J’entends des larmes dans sa voix. Ça me met en rage, ça me donne envie de sortir pour lui griffer le visage. Je pense alors : « Ne t’avise surtout pas de pleurer, pas après ce que tu viens de faire ! » Je suis furieuse contre lui, j’ai envie de lui hurler dessus, de lui dire de s’éloigner de cette putain de porte, de moi, mais je me retiens, parce que je ne suis pas idiote. Il a des raisons d’être en colère. Et il faut que je réfléchisse posément, clairement. Je réfléchis pour deux, à présent. Cette confrontation m’a donné des forces, de la détermination. Je l’entends derrière la porte, qui implore mon pardon, mais je ne peux pas m’occuper de ça pour l’instant. Pour l’instant, j’ai autre chose à faire.

Tout au fond de l’armoire, au bas de trois rangées de boîtes à chaussures soigneusement étiquetées, je prends une boîte gris foncé marquée « bottes compensées rouges », et dans la boîte se trouve un vieux téléphone portable, une antiquité avec un forfait prépayé que j’ai achetée il y a des années, et que j’ai gardée au cas où.

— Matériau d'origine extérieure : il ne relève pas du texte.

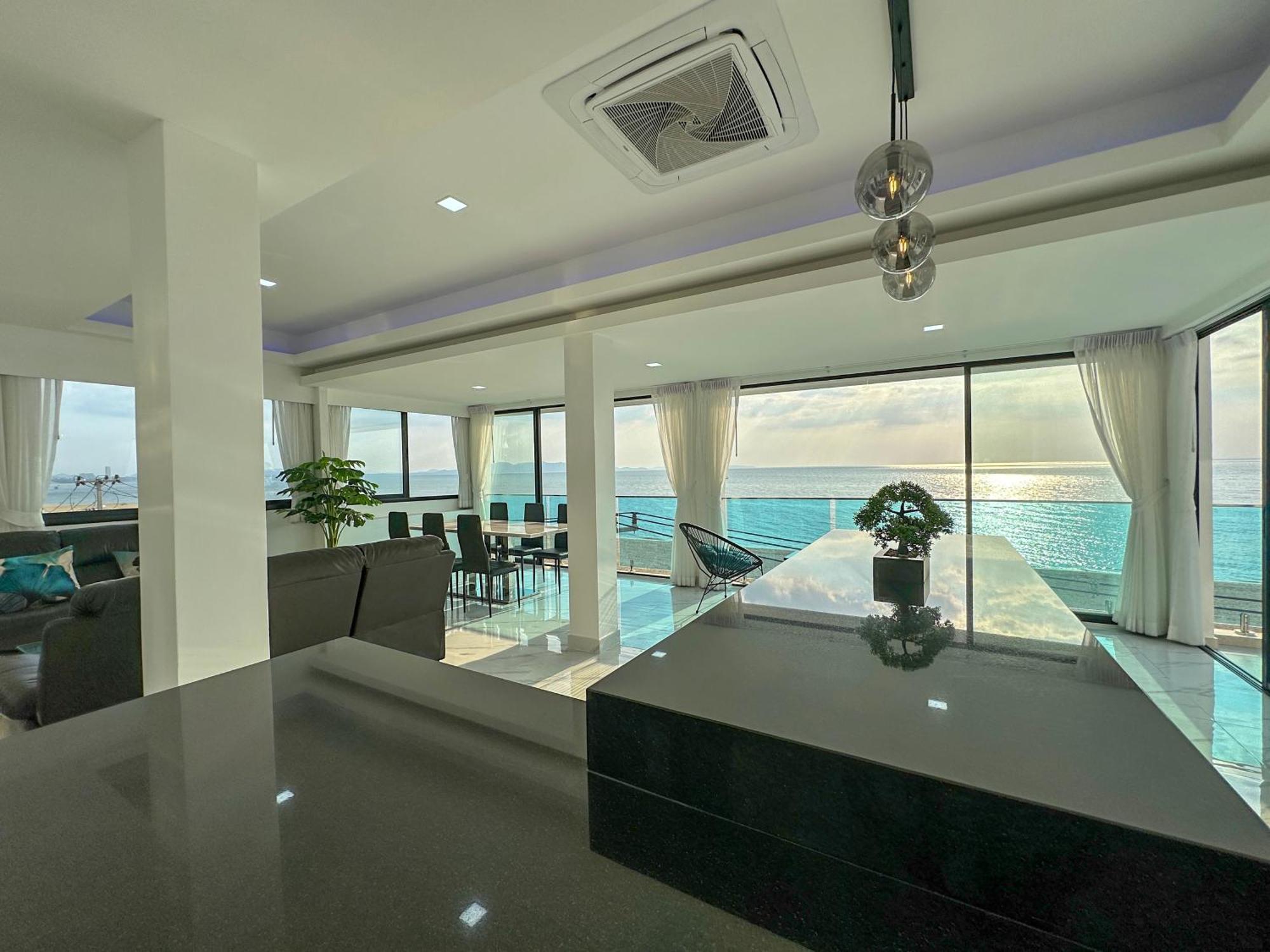 Stunning Beachfront View Luxurious Apartment 40 Джомтиен Бийч Екстериор снимка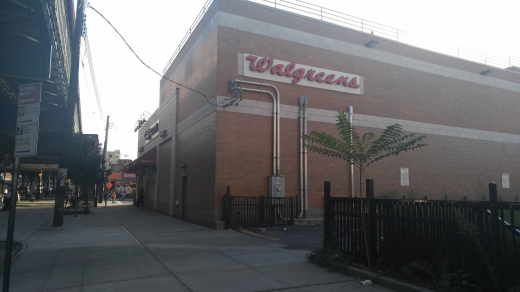 Walgreens in Bronx City, New York, United States - #4 Photo of Food, Point of interest, Establishment, Store, Health, Convenience store, Home goods store, Clothing store, Electronics store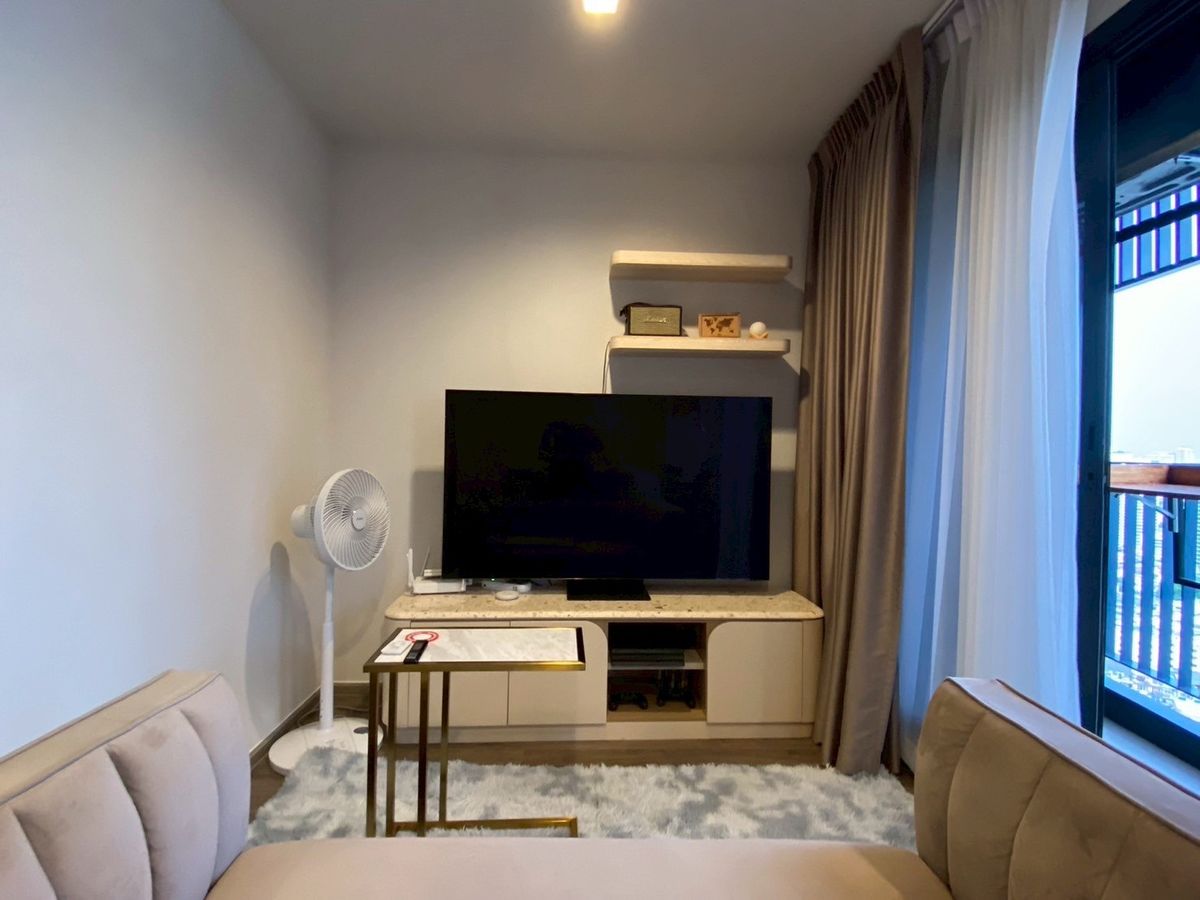 For RentCondoLadprao, Central Ladprao : LIFE LADPRAO VALLEY 1BD (1 Bedroom 1 Bathrooms), 28.76 sq.m., complete furniture, ready to rent 17,000 baht/ stairway, Central Ladprao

Ça fait quelque temps que je ne m’en suis pas servie, mais le jour est venu. Je vais être honnête. Finis les mensonges, finis les secrets. Il est temps que papa affronte ses responsabilités.

Je m’assois sur le lit et j’allume le téléphone, priant pour qu’il ait encore un peu de batterie. L’écran s’illumine et je sens l’adrénaline qui fait bouillir mon sang, ça me donne le tournis, la nausée, même, mais ça me fait un peu planer aussi, comme si j’étais défoncée. Je commence à m’amuser, à apprécier l’anticipation de tout faire éclater au grand jour, de le mettre face – de tous les mettre face – à ce que nous sommes et à ce que nous avons fait. D’ici la fin de la journée, chacun saura quelle est sa place.